◆ EXERCISE:
Taking the entries below, transcribe only the lines starting with the one with "Vestidos de ceremonia" and going on through the one with "Продажа на аукционе", exactly as written, without the pictures.

◆ PROVIDED INFORMATION:
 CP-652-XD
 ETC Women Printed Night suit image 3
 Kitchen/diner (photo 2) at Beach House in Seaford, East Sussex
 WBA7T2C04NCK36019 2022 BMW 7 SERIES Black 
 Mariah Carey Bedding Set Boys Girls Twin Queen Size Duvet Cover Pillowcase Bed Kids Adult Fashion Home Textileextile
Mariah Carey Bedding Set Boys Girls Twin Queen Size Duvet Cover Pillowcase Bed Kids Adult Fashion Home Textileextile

* * *

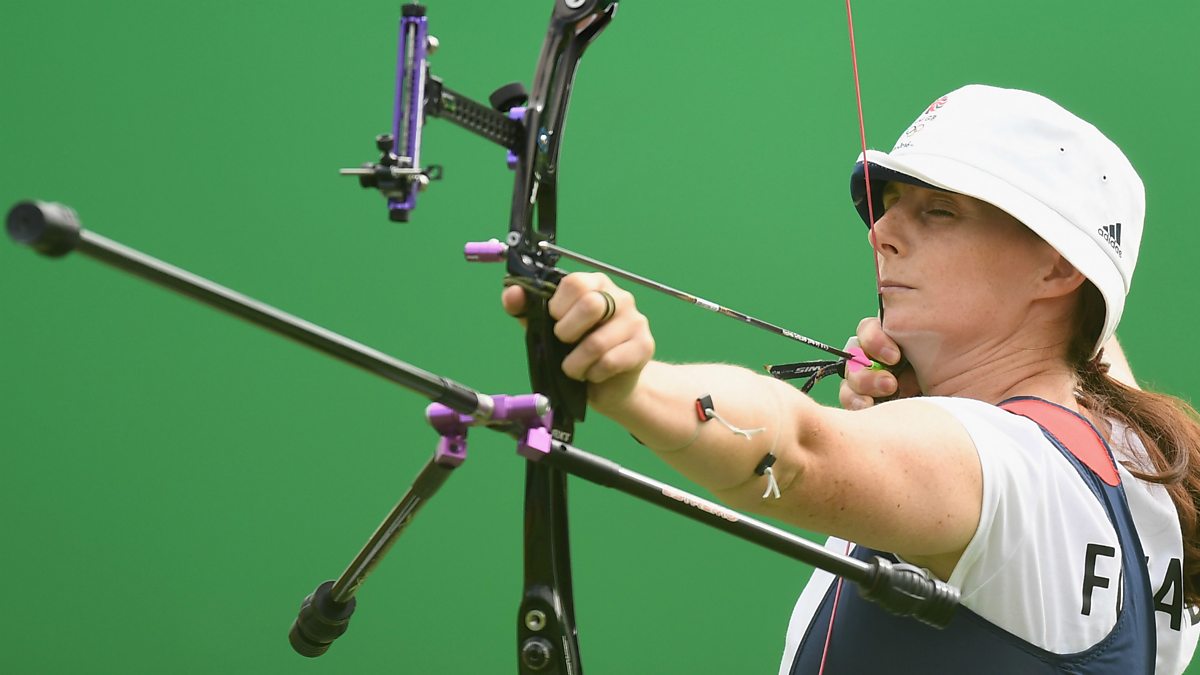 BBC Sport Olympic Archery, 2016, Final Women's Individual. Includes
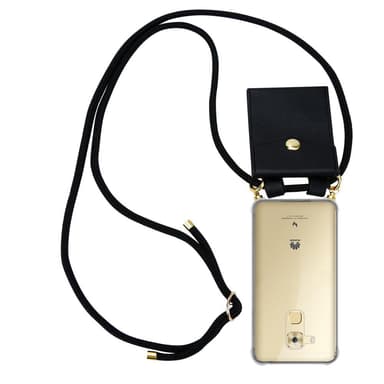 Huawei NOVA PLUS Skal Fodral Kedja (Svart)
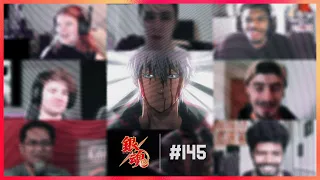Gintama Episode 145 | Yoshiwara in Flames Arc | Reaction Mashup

...

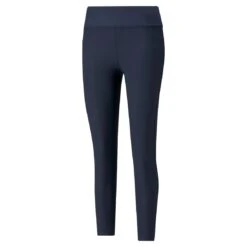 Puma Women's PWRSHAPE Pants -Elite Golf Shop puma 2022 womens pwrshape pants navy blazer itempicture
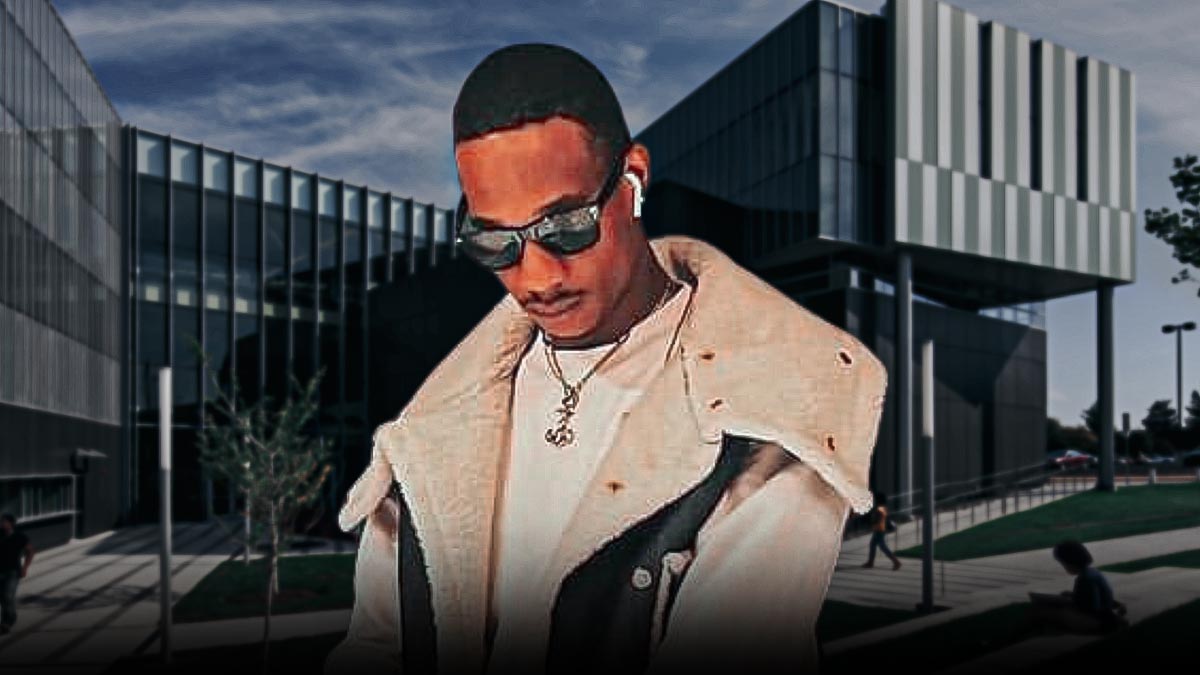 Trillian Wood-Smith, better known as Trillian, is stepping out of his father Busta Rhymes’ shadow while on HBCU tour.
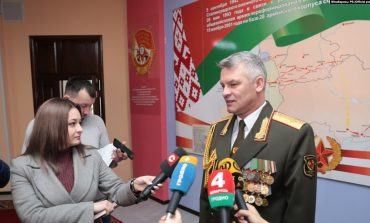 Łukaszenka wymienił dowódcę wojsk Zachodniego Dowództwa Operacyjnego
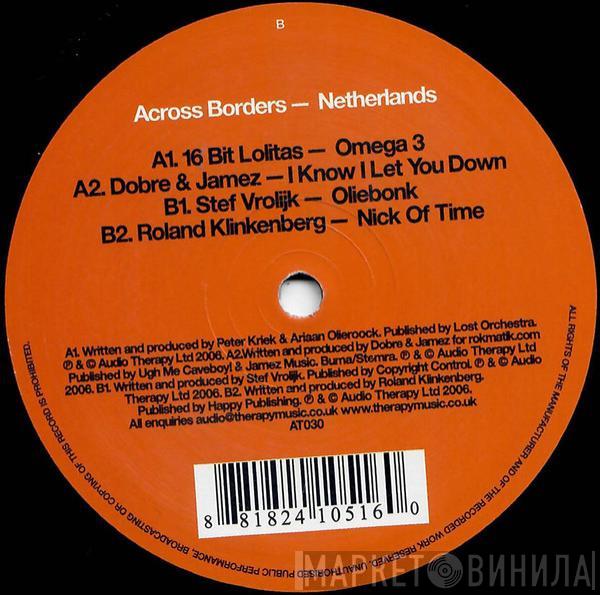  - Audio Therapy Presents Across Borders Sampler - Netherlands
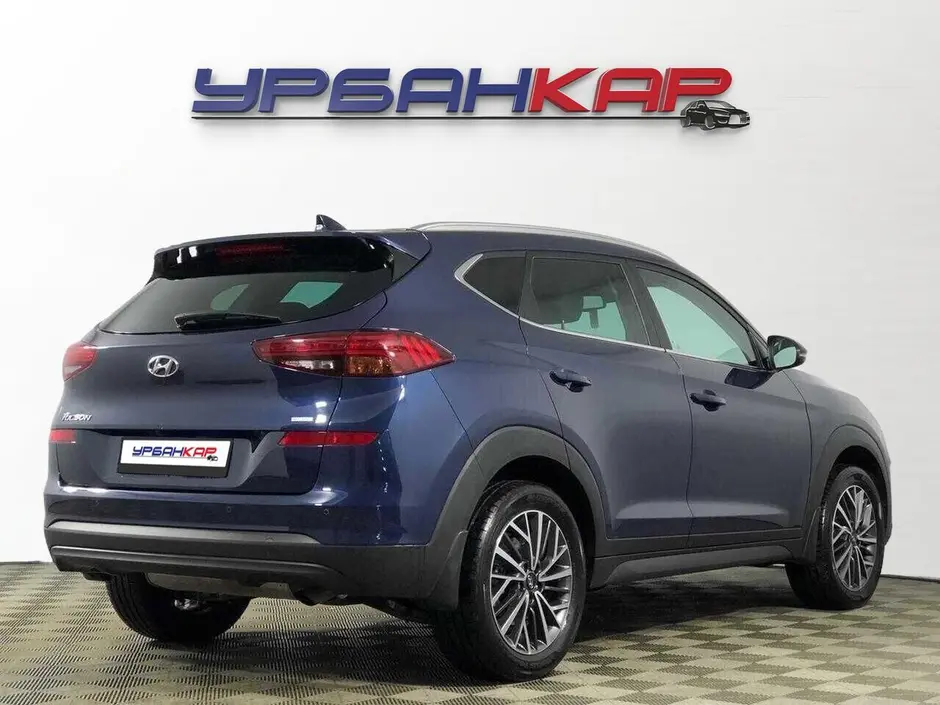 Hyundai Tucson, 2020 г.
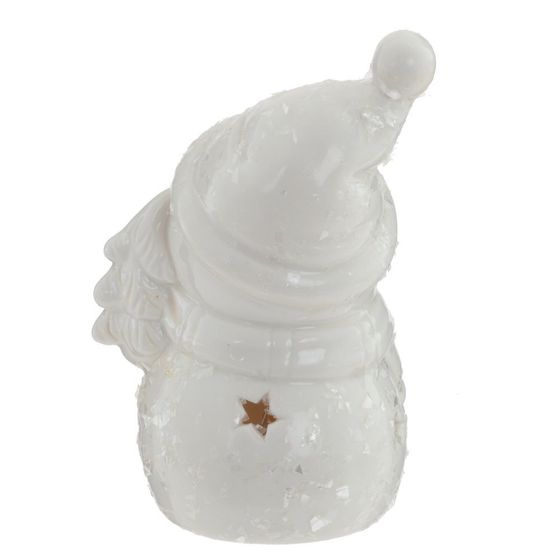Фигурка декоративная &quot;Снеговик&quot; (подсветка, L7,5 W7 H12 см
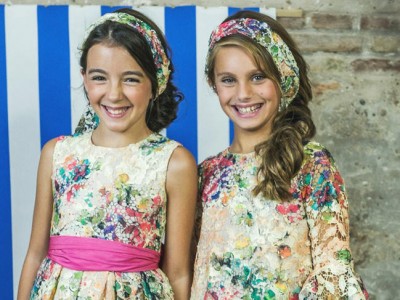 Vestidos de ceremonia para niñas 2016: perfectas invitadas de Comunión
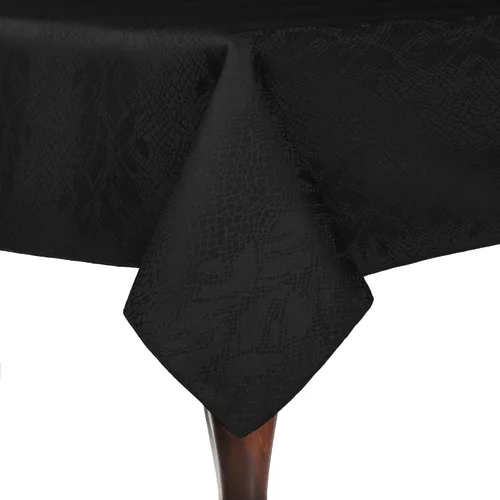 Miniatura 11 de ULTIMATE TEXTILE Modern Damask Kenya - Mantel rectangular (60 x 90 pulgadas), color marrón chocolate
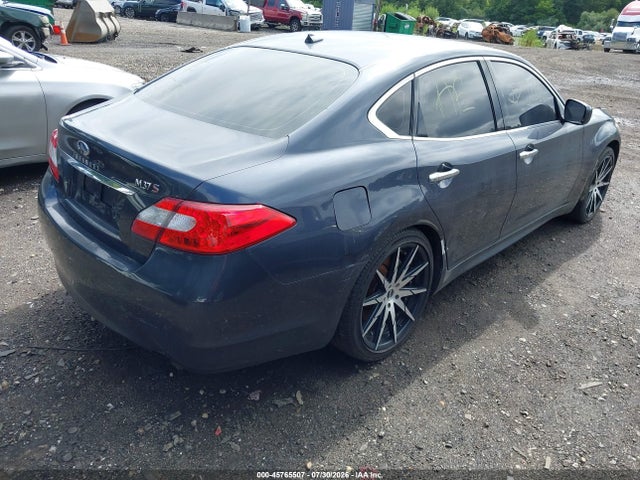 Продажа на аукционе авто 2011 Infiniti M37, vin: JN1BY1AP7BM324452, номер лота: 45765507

◆ EXERCISE RESULT:
 Vestidos de ceremonia para niñas 2016: perfectas invitadas de Comunión
 Miniatura 11 de ULTIMATE TEXTILE Modern Damask Kenya - Mantel rectangular (60 x 90 pulgadas), color marrón chocolate
 Продажа на аукционе авто 2011 Infiniti M37, vin: JN1BY1AP7BM324452, номер лота: 45765507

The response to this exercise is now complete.